パチンコ開発者が「業界の裏事情」を暴露。パチンコ業界の衰退を“食い止めるための方法”はあるのか
液晶の開発だけでかかる金額は
――次に費用面についてお聞きしたいのですが、一台のパチンコ台を作るのにも相当なお金と労力がかかると思います。できあがるまでの流れや期間を教えてください。 Aさん:ざっくり説明しますと、マーケティング、分析、版権確認、予算計上、開発という流れですかね。費用は液晶機の開発だけで5億~7億円ほどかかります。機械制作が完了したらスペックや演出を確認する機関へ申請し、適合したら各地方への検定で許可をとる、というのが一連の流れです。

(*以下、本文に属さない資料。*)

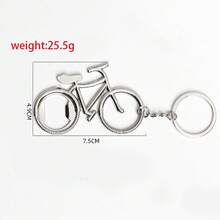 1pc Casual Minimalist Realistic Bicycle Bottle Opener Keychain, Daily Accessory Decor Mini Car Shaped Keychain Pendant, Holiday Party Gathering Table Small Gift Hanging Ornament - Silver - View 4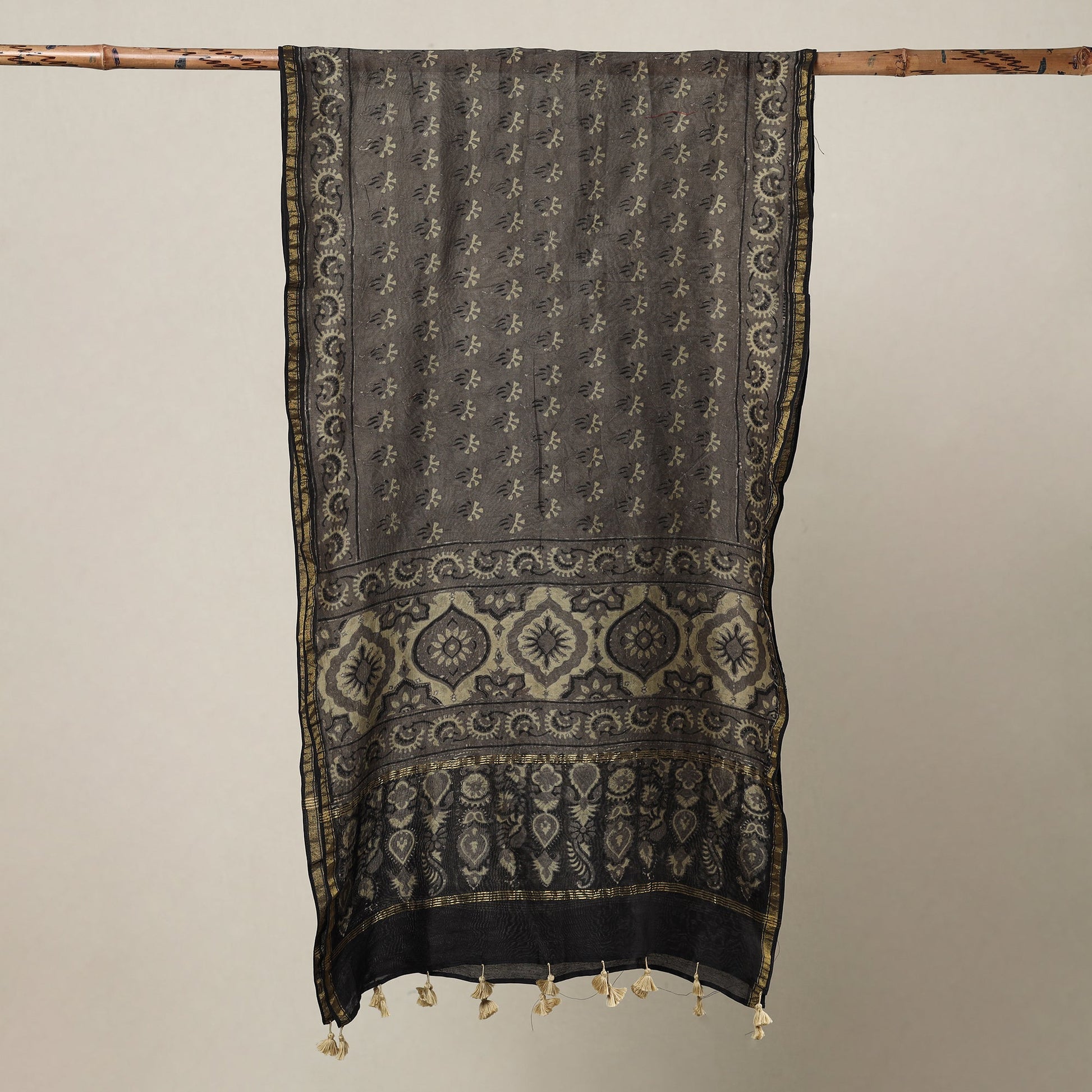 Brown - Ajrakh Hand Block Printed Chanderi Silk Handloom Stole with Tassels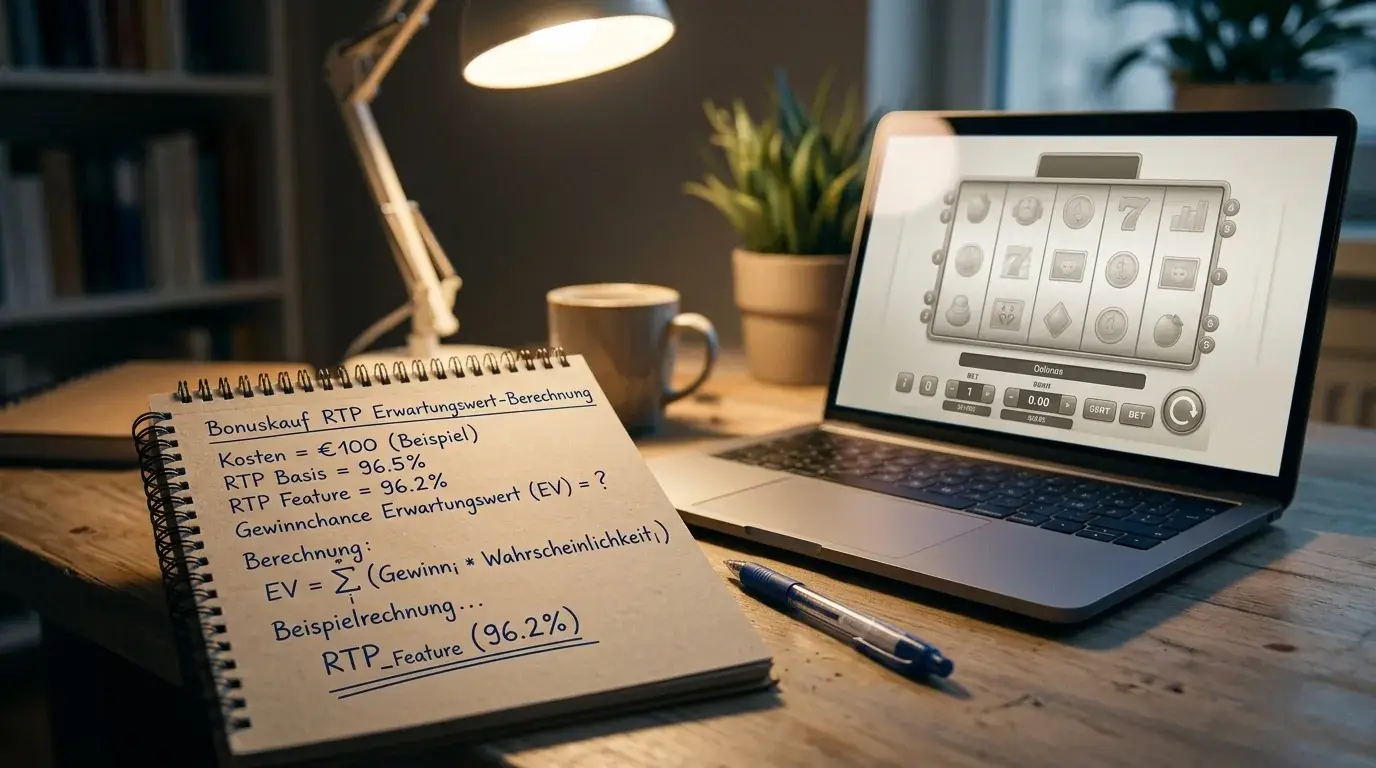Notizblock mit handschriftlicher Erwartungswert-Rechnung neben einem Laptop mit Spielautomat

ちなみに期待の大きい機械は、本命スペックが適合するまで何十回も申請します。申請1回につき、150万円ほどかかるので……。計算するとぞっとしますね(笑)。液晶機ならここまで平均2年くらいです。 ――期間や開発費の莫大さにびっくりしました……。業界ではたびたびスペックや規則変更等業界のルールに変更がありますが、開発途中で変更になった場合、作り直すことはありますでしょうか。 Aさん:めちゃくちゃあります。規制が厳しくなる場合、規制前に発表できれば「ギリギリ強いスペックの機械を発売できる」ということになるので、規則変更はチャンスにもなるんです。反対に仕様が現状より良いものが解禁されれば、完成していても、新しい規則のスペックに作り直すこともありますね。
開発したのに“お蔵入り”になってしまうケースも
――ちなみにお蔵入りになった機種はありますか? Aさん:私が担当した機械ではお蔵入りは出ていないのですが、時々話を聞くことがあります。お蔵入りの原因は内容が目標のクオリティに達しなかったり、お金をかけすぎて途中で損切り……というパターンが多いですかね。 ――自分が関係した機械の稼働や売れ行きが給与に反映されることはございますか? Aさん:前の質問でもお話しましたが、各メーカーで重視するところが違います。私が現在勤務している会社は稼働重視です。売れ行き重視だと営業、稼働重視だと開発の評価が上がります。そうなると手当が出る事が多いので、とにかく自分が担当した機種からヒット作を出したいですね……。